Let's use the substitution method with: $$u = \tan\theta \Rightarrow du = \sec^2\theta d\theta$$ In terms of \(u\), the limits of integration change as well. When \(\theta=-\pi/3\), \(u=-\sqrt{3}\), and when \(\theta=\pi/3\), \(u=\sqrt{3}\). Hence, our integral becomes: $$\int_{-\sqrt{3}}^{\sqrt{3}} |u| du$$ Now we can split the integral into two parts: $$\int_{-\sqrt{3}}^{\sqrt{3}} |u| du = \int_{-\sqrt{3}}^{0}-u du + \int_{0}^{\sqrt{3}}u du$$ Calculating these integrals, we have: $$\begin{aligned} \int_{-\sqrt{3}}^{0}-u du + \int_{0}^{\sqrt{3}}u du &= -\frac{1}{2} u^2\Big|_{-\sqrt{3}}^{0} + \frac{1}{2}u^2\Big|_{0}^{\sqrt{3}} \\ &= -\frac{1}{2}(0^2-(-\sqrt{3})^2) + \frac{1}{2}(\sqrt{3}^2 - 0^2)\\ &= -\frac{1}{2}(0 - 3) + \frac{1}{2}(3 - 0)\\ &= \frac{3}{2} \end{aligned} $$ So the final answer is: $$\int_{-\pi / 3}^{\pi / 3} \sqrt{\sec ^{2} \theta-1} d \theta = \frac{3}{2}$$

Key concepts

Trigonometric Substitution

Trigonometric substitution is a powerful method used to evaluate integrals involving radicals or algebraic expressions.

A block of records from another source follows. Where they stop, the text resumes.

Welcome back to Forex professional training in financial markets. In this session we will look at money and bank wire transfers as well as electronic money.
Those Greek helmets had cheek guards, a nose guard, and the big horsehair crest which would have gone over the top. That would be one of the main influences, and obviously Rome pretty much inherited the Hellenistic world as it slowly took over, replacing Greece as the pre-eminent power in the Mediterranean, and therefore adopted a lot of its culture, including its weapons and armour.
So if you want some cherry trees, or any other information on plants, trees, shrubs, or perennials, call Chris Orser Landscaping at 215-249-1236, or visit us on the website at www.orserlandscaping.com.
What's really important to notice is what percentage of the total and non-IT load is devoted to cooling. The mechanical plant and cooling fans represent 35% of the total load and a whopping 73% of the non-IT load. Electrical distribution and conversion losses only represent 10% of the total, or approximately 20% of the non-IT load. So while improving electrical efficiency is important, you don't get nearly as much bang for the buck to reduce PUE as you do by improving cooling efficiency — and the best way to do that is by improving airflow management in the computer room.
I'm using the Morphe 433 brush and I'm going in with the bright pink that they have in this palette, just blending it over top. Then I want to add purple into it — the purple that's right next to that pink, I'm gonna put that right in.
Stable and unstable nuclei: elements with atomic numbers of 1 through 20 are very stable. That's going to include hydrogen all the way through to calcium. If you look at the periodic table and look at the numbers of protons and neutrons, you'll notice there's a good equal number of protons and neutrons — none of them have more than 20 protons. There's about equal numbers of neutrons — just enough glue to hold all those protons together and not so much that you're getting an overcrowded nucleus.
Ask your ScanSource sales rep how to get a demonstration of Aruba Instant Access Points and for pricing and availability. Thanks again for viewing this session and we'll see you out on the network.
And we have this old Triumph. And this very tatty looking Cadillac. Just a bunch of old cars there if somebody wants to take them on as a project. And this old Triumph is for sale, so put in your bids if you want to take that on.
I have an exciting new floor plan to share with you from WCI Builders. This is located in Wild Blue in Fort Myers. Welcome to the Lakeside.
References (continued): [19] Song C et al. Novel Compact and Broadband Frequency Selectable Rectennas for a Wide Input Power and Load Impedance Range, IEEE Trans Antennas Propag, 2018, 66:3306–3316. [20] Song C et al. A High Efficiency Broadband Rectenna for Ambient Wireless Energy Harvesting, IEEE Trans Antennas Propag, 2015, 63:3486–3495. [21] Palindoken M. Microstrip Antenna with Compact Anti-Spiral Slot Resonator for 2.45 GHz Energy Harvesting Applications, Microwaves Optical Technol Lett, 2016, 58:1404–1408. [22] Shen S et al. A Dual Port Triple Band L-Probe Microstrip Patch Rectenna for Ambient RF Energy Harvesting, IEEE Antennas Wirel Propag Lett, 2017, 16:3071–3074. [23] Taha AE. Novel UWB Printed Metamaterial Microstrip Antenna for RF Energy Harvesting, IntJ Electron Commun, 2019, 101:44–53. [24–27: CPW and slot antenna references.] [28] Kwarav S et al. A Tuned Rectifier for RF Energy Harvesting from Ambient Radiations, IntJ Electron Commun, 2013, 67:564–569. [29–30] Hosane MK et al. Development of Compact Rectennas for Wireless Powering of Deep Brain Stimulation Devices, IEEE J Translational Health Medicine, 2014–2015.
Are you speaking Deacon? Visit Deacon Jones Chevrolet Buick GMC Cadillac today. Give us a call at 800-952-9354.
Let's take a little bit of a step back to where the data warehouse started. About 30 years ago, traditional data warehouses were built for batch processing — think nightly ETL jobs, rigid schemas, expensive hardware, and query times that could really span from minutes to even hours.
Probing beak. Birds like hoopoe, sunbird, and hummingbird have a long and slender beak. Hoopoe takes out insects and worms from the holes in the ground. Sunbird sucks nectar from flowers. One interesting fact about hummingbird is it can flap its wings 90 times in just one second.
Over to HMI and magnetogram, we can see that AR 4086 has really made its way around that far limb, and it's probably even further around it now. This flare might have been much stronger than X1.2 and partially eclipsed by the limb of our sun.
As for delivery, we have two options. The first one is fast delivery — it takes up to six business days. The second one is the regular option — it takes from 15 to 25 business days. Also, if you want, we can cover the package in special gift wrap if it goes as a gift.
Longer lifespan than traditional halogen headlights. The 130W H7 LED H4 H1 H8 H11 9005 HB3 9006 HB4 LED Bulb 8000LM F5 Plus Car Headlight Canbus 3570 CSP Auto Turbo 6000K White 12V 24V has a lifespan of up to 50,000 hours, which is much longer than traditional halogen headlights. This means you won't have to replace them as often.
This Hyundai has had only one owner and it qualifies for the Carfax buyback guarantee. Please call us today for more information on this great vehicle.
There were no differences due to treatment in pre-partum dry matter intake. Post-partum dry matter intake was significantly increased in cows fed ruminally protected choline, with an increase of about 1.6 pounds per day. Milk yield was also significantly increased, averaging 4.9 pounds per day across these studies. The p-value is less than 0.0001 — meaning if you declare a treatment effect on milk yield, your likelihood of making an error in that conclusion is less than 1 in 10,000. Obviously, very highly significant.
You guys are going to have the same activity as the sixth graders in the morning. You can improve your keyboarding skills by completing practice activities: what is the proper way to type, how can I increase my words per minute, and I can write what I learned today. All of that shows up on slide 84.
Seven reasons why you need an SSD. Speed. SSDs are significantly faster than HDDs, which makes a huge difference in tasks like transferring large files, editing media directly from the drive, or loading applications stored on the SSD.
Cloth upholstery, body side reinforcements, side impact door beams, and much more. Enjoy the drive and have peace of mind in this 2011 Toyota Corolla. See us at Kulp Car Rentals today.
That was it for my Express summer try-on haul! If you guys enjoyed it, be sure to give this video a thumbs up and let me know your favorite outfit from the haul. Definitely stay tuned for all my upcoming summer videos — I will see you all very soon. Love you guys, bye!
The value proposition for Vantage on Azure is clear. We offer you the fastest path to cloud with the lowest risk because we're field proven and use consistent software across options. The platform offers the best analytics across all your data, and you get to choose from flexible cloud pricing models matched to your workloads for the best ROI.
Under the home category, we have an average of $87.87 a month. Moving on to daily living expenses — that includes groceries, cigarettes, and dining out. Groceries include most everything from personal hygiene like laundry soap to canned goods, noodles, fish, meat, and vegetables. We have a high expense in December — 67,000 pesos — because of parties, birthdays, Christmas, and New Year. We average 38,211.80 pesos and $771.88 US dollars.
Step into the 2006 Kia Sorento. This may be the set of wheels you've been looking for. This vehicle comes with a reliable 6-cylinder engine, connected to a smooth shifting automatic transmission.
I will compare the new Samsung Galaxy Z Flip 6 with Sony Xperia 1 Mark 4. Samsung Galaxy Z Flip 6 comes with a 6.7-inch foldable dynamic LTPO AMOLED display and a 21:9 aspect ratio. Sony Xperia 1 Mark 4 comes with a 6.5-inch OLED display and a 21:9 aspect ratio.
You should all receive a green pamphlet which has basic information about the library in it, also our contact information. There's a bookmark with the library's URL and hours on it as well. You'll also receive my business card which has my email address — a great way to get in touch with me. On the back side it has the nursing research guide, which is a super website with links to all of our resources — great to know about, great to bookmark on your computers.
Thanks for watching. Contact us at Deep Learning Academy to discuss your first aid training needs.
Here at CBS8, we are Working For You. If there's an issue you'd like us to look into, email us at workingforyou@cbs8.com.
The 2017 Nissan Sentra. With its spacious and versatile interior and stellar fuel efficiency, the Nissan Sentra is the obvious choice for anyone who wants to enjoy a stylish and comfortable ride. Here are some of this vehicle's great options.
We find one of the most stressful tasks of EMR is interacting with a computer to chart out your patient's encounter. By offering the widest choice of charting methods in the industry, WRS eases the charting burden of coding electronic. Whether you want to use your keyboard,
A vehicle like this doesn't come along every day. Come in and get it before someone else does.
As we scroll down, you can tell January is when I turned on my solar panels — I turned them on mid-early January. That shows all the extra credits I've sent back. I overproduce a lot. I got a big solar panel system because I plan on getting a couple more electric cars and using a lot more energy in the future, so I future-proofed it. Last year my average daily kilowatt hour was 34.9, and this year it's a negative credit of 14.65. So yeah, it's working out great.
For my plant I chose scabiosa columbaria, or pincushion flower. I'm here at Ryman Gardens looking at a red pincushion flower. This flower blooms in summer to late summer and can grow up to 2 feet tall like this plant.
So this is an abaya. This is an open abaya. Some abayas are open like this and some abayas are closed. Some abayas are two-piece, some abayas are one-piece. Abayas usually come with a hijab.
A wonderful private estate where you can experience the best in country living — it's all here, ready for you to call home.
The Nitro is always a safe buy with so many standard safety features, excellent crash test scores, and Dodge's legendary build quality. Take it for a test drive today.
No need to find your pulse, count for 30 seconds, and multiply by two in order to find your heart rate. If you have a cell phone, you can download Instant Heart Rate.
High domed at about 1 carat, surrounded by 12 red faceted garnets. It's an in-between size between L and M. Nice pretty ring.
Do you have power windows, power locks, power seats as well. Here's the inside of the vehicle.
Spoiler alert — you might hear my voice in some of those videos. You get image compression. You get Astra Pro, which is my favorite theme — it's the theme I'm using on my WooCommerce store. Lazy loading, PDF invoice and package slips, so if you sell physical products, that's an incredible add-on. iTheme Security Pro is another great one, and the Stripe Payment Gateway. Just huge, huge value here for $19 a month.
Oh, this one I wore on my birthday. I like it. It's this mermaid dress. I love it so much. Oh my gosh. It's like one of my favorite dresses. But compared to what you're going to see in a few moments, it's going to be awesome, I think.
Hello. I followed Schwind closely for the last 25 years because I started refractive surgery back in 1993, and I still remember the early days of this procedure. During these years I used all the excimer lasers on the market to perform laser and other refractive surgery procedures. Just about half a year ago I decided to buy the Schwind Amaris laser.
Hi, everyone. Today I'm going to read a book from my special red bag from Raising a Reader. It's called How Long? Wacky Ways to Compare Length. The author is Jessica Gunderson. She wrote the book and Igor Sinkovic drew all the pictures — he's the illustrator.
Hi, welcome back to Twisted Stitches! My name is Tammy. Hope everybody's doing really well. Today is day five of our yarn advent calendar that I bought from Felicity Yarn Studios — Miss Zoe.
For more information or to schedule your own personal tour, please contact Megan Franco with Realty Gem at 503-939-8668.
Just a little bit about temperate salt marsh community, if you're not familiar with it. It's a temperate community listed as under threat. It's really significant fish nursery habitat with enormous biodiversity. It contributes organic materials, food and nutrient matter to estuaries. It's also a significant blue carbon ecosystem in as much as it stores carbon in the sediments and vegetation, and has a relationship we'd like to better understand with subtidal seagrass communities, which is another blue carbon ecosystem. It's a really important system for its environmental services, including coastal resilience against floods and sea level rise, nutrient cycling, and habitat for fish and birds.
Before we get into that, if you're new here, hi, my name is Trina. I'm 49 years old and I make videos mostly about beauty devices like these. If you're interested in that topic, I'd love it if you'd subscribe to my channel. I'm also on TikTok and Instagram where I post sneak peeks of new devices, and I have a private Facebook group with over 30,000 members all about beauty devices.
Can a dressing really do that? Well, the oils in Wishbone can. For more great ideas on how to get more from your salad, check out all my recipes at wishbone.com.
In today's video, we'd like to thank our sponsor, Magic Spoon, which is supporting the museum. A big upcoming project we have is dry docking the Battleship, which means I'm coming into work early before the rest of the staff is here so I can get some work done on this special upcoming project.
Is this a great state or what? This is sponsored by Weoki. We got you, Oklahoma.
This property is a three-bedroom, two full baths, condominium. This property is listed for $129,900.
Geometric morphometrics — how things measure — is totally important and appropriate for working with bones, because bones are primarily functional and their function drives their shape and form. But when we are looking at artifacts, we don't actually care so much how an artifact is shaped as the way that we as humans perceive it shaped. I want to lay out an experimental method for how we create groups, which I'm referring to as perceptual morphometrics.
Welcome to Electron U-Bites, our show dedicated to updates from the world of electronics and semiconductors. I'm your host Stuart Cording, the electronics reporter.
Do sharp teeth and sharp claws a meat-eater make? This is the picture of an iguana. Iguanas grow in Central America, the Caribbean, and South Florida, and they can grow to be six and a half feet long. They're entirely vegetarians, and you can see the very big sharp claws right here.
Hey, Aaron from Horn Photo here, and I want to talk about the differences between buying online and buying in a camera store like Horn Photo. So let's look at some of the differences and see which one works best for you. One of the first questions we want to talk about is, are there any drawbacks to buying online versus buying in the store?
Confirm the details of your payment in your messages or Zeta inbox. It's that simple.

It simplifies the integral by substituting a trigonometric function to replace a variable, transforming the integral into a trigonometric one which is often easier to solve.
In the given problem, we start by noticing we have \( \sec^2\theta - 1 \),which can be transformed using trigonometric identities. Since \( \sec^2\theta = 1 + \tan^2 \theta \), the expression simplifies to\( \tan^2 \theta \).
This substitution not only simplifies the original integrand but links it to the well-known tangent trig function, clearing the path for further simplifications or transformations needed for evaluating the integral.

Odd Functions

Odd functions have a special property related to definite integrals. An odd function satisfies the condition \( f(-x) = -f(x) \).When an odd function is integrated over a symmetric interval like \([-a, a]\),its integral equals zero, provided the function does not have an absolute value marker.
In the exercise, \( \tan \theta \)is identified as an odd function. Consequently, \( \sqrt{\tan^2\theta} \)translates to\( |\tan\theta| \) due to the absolute value. Without the absolute values, the integral over \([-\pi/3, \pi/3]\) would have been zero, leveraging symmetry. However, the presence of the absolute value inverts negative results to positive, requiring partitioning into two separate integrals for evaluation.

Absolute Value

The absolute value function, denoted as \( |x| \), takes any real number and returns its non-negative counterpart. This is particularly important when dealing with symmetry over integrals of odd functions. In the integral \( \int_{-\pi/3}^{\pi/3} |\tan \theta| d\theta \),the absolute value ensures that all areas under the curve are accumulated as positive, regardless of their initial negative nature.
When the trigonometric substitution involved \( \tan \theta \), the integrand became \( |u| \) after substitution. This prompted the separation of the integral at zero into intervals:

• One from \(-\sqrt{3}\)to zero,
• and another from zero to \(\sqrt{3}\).

The absolute value accounts for the actual magnitude swept by the curve, orienting all parts of the area into a positive integration result.

Algebraic Simplification

Algebraic simplification involves breaking down expressions into simpler or more calculable forms, which is crucial for ease in integration. The expression \( \sec^2\theta - 1 = \tan^2\theta \) is a direct application of trigonometric identities, aligning expressions into recognizable forms.
Within this exercise, simplification was a key in transitioning from a complex radical to an absolute function of \( \tan \theta \).Once the integral transitioned into one concerning \( |u| \),the expression was further divided and expressed by straightforward degree polynomial integrals like \(-u\) and \(u \).
This bifurcation using simple power rules allowed us to calculate each segment effectively and quickly sum them to arrive at the final answer. Attaining \(3/2\) demonstrates the essential role of simplification in solving integrals efficiently.